Fear.
For we are a freedom-loving people, come from the warm and fertile lands. We love the simple life; we love our comfort, our land, our ever-gentle waters and mountains.
But the Han — the Han are different. Down they came from their windy mountains and lonely plains, like to us in face as one of closest kin, and yet sundered, for they are colder, and they know pain.
They are experts on pain, the Han. And just as they know how to cure it, they know how to cause it. A needle here, a flick there, a different herb in a bowl of tea — that is all they need to create agony, to inflict torture upon their victims, to break them, to kill them.
But those are only the weapons of the ren shi, the men of learning, who were trained in such arts before they marched south from the cities of the North. The soldiers have another weapon, just as terrifying to the Lac, our bane, our death. The heavy Chinese blade. It was just by such a weapon that my brother-in-law would be killed.
He lived yet, Kim said. But for Thi-Sach there was no hope. He was a prisoner of the Duke, that much was known among the townsfolk, for some had seen the soldiers bring him into Chu-Dien, into the upper citadel where the Han lived. No Lac who had entered that citadel came out alive, they said. It was forbidden. But my brother-in-law lived yet, the merchant insisted. Not for long, perhaps, but he lived yet.
That was upon the fourth day since they took Thi-Sach away. Upon the fifth day my sister took ill and lay abed for many hours, suddenly unable to hold down food or walk far.

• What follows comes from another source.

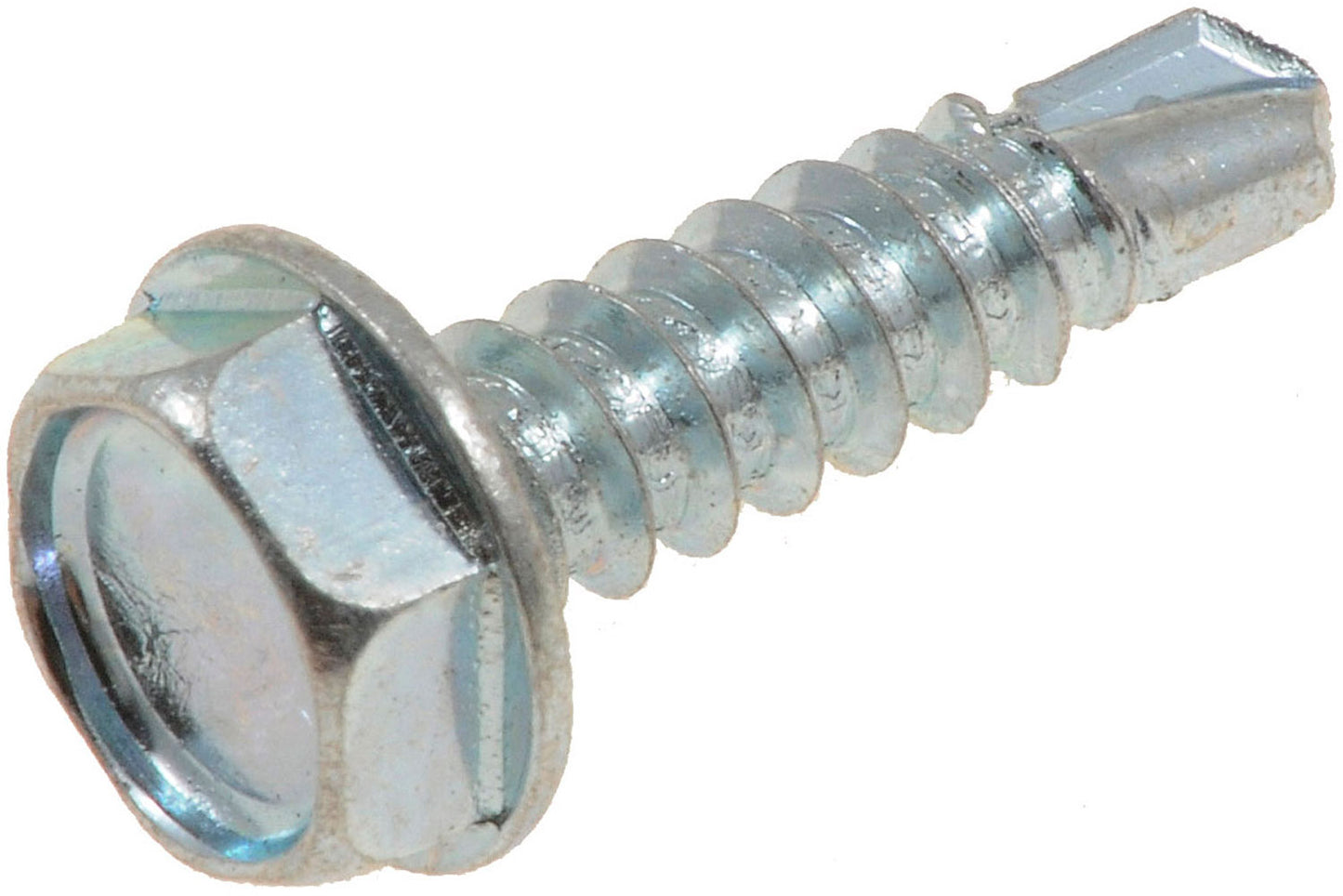 Self Tapping Screw-Hex Washer Head-No. 10 x 3/4 In. - Dorman# 799-311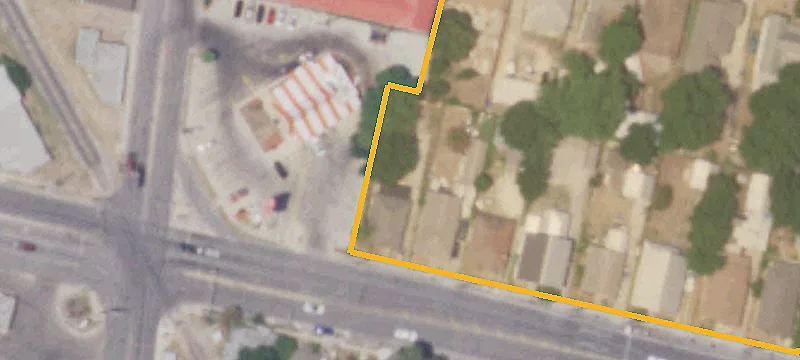 Small Mixed-Use Conversion Building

Upon the sixth day the day the soldiers came. They needed a witness, they told us. One of close kin or friendship to Thi-Sach had to go watch the execution, to carry word back so that all in the household would learn to fear the name of Su-Ting, Duke of Giao-Chi.
My sister was immediately ruled out. The soldiers would like to have taken her, for she was his wife, but they did not know what illness afflicted her, and they did not want to spread contagion among themselves.
One of the soldiers, the leader, pointed at Bao, and then me.
Either of you will do, he said. Bao did not want me to go, because I had to tend my sister and because he shuddered at the thought of me alone among six soldiers.
No, he insisted. I will go.
Then a gnarled hand brushed his shoulder.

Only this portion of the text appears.